◆ What the task asks
Everything from the line with "Homme assis en" down to the line with "46287 Durango Dr, Temecula, CA" below must be printed exactly, those two lines included. Exclude pictures.

____

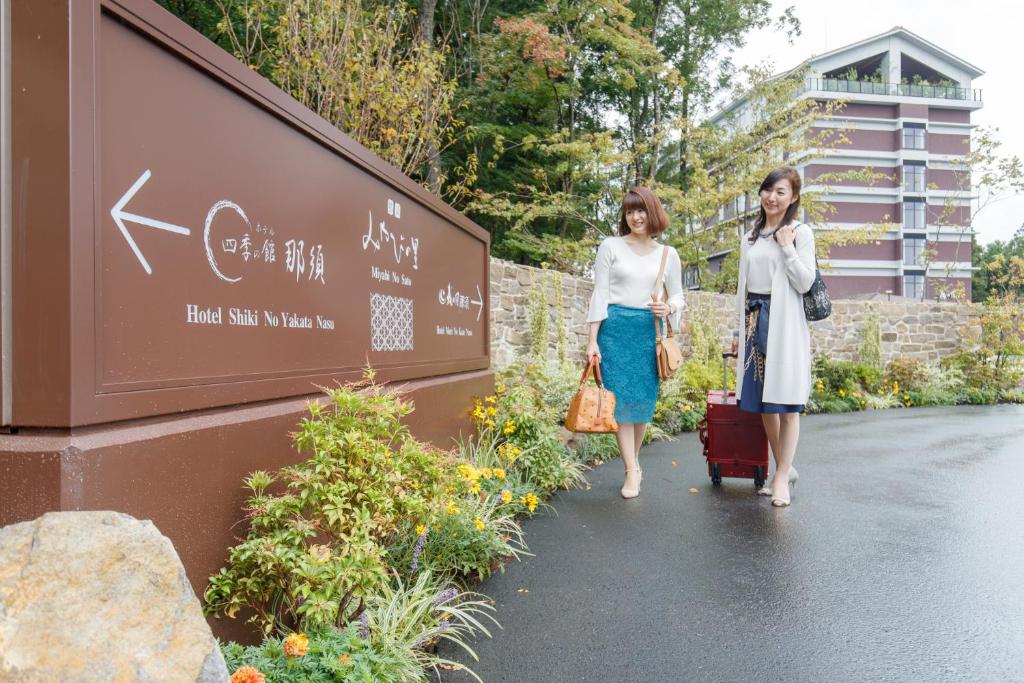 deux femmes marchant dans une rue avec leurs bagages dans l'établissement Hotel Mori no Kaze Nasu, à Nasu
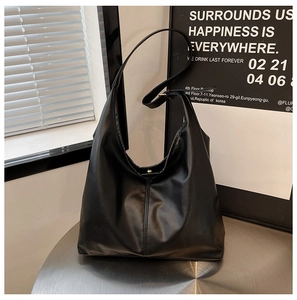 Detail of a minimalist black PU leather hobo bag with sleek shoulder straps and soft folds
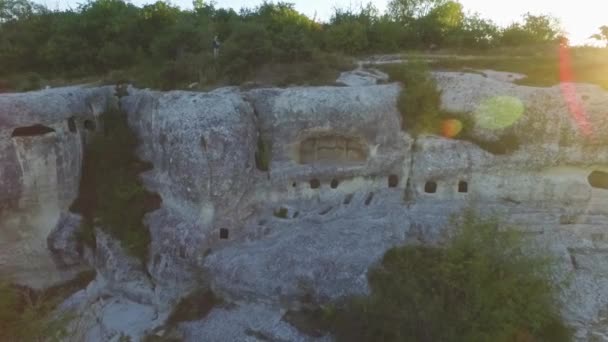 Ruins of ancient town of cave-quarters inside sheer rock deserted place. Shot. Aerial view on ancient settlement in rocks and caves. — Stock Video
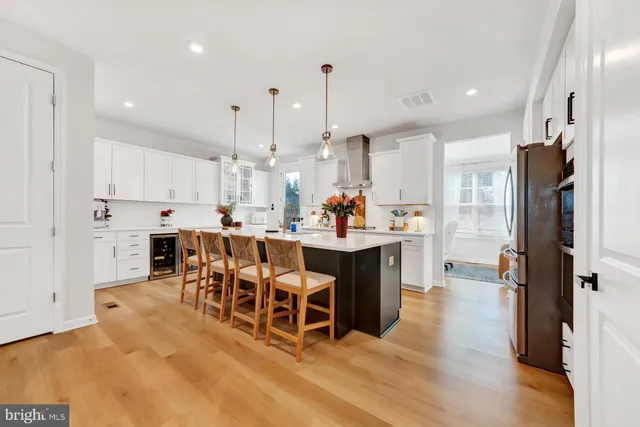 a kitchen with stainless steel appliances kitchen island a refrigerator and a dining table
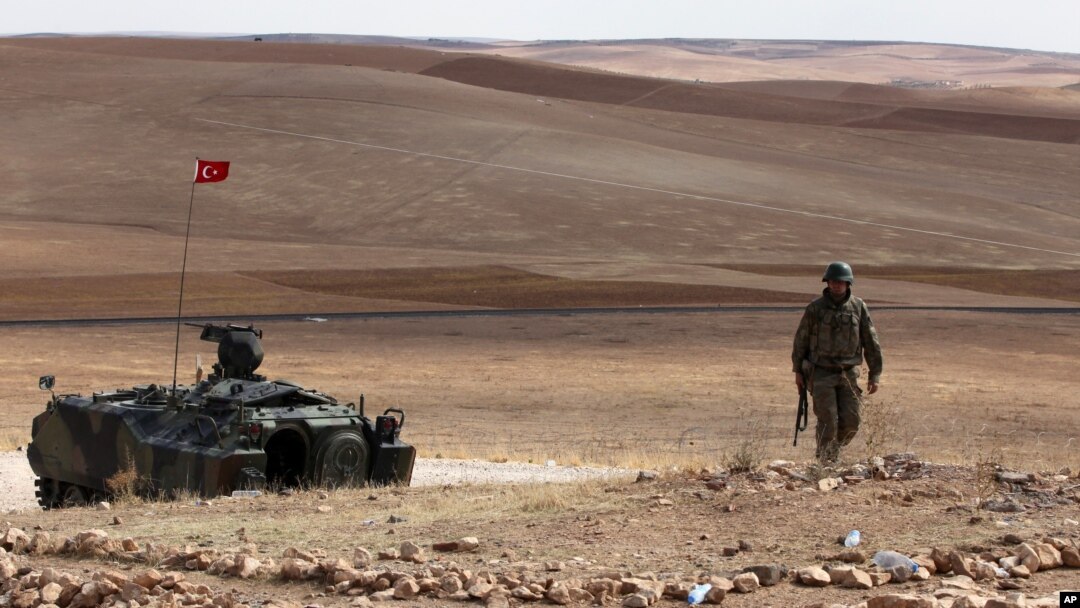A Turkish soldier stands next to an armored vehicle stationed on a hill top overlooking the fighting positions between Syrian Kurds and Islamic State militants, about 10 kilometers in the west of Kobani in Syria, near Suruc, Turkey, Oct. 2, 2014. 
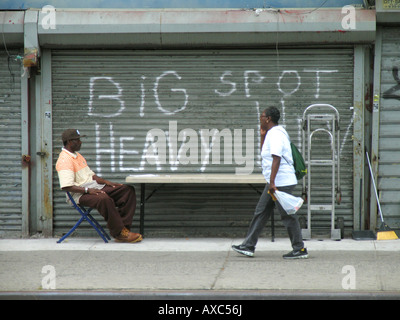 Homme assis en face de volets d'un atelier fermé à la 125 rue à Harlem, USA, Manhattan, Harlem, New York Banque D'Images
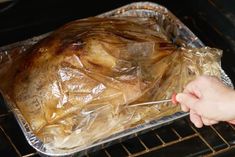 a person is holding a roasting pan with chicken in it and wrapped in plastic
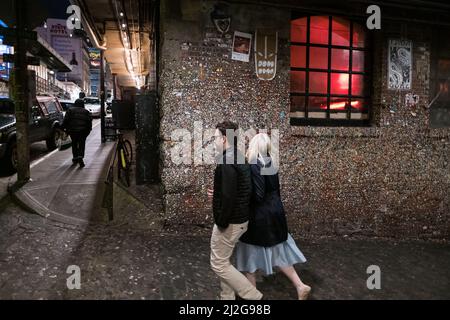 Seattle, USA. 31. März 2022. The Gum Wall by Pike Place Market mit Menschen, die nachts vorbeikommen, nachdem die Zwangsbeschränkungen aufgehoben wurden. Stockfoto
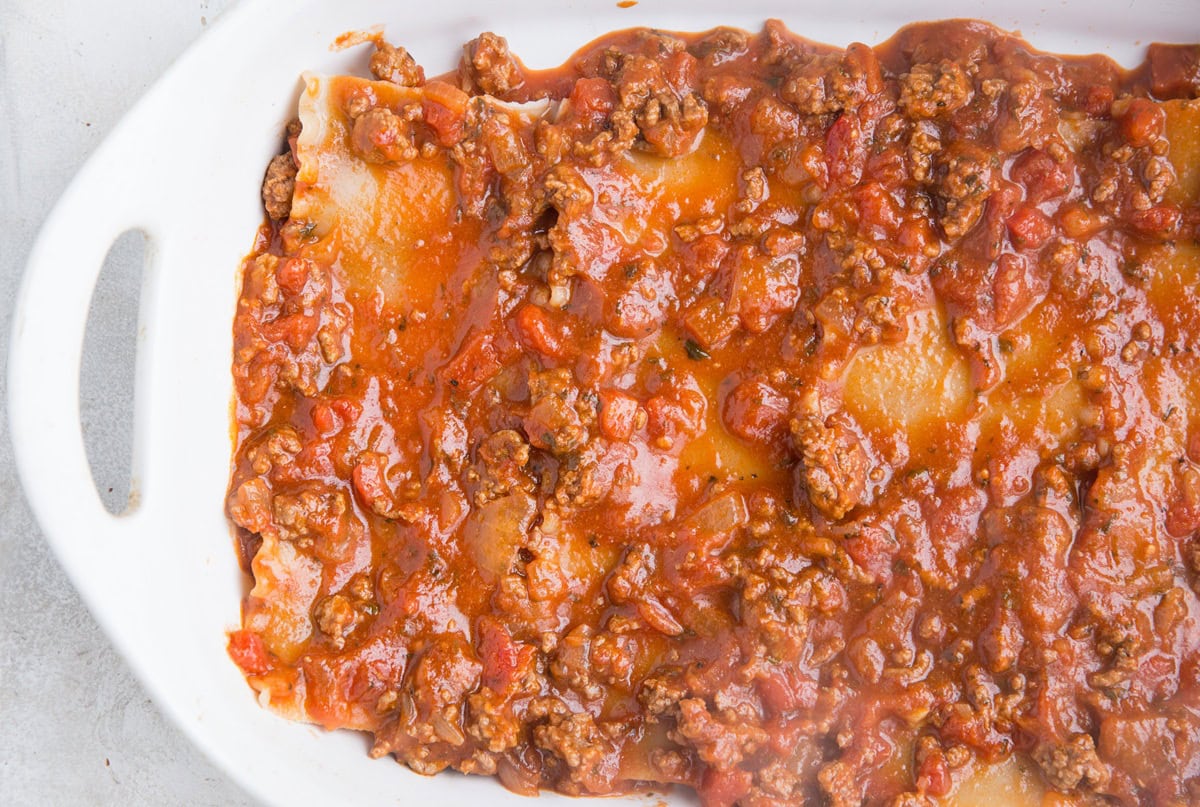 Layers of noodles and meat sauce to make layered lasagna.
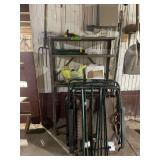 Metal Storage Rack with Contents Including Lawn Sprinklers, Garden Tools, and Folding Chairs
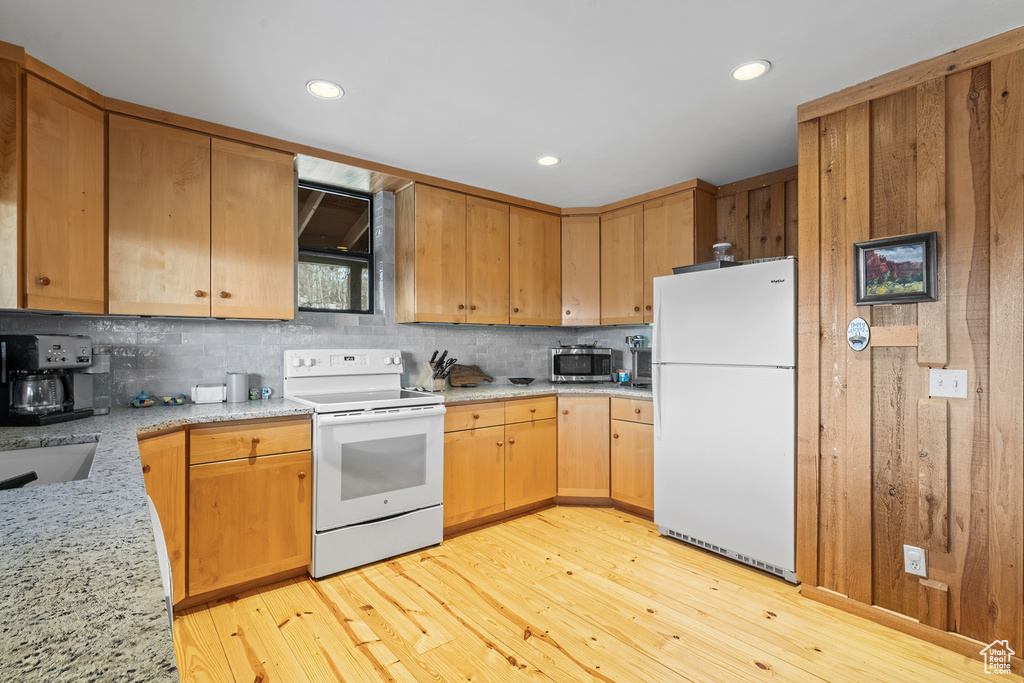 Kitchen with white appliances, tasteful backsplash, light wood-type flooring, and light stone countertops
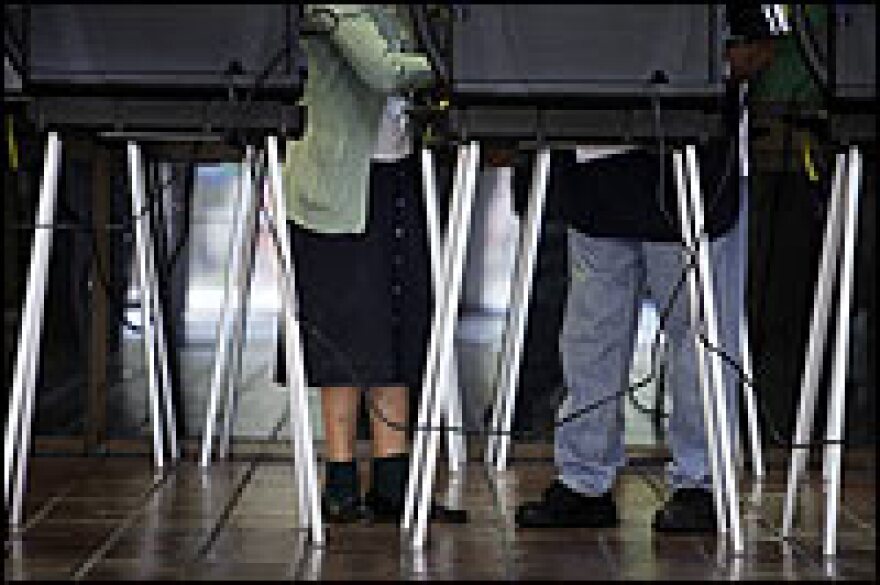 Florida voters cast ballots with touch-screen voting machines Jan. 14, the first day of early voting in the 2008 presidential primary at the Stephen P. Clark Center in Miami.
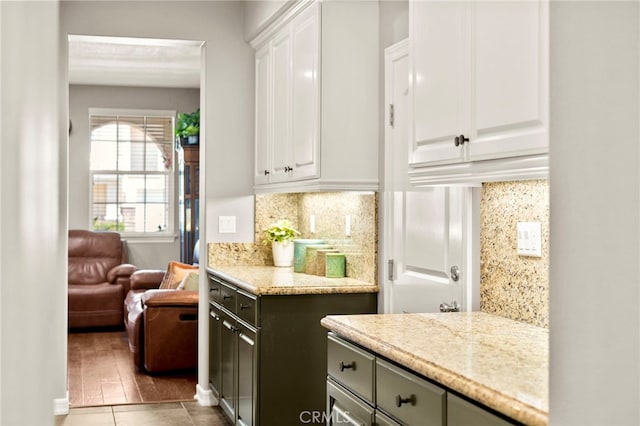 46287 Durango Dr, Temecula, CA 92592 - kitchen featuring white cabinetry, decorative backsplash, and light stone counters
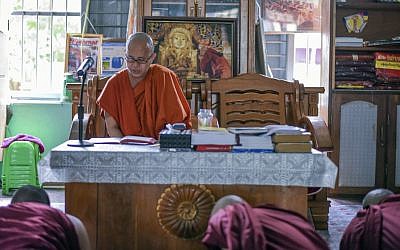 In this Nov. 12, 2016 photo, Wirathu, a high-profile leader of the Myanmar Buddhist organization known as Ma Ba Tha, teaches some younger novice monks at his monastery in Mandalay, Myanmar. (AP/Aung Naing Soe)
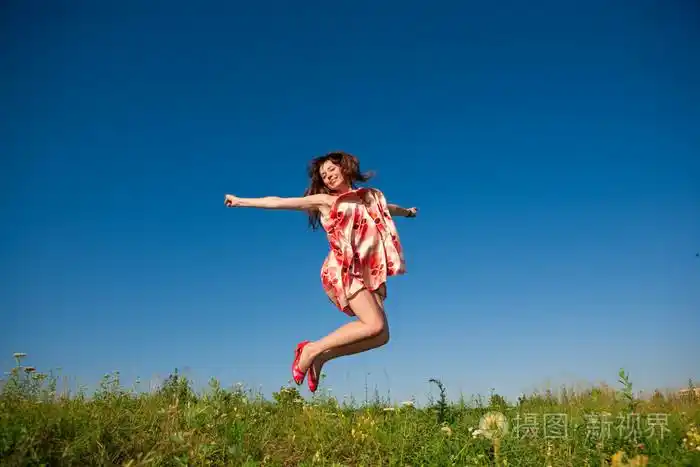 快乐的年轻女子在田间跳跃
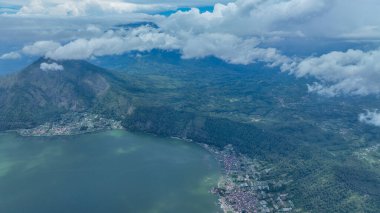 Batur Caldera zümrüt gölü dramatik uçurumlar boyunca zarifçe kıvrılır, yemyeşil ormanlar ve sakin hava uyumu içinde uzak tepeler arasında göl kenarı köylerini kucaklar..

____

◆ Task result
 Homme assis en face de volets d'un atelier fermé à la 125 rue à Harlem, USA, Manhattan, Harlem, New York Banque D'Images
 a person is holding a roasting pan with chicken in it and wrapped in plastic
 Seattle, USA. 31. März 2022. The Gum Wall by Pike Place Market mit Menschen, die nachts vorbeikommen, nachdem die Zwangsbeschränkungen aufgehoben wurden. Stockfoto
 Layers of noodles and meat sauce to make layered lasagna.
 Metal Storage Rack with Contents Including Lawn Sprinklers, Garden Tools, and Folding Chairs
 Kitchen with white appliances, tasteful backsplash, light wood-type flooring, and light stone countertops
 Florida voters cast ballots with touch-screen voting machines Jan. 14, the first day of early voting in the 2008 presidential primary at the Stephen P. Clark Center in Miami.
 46287 Durango Dr, Temecula, CA 92592 - kitchen featuring white cabinetry, decorative backsplash, and light stone counters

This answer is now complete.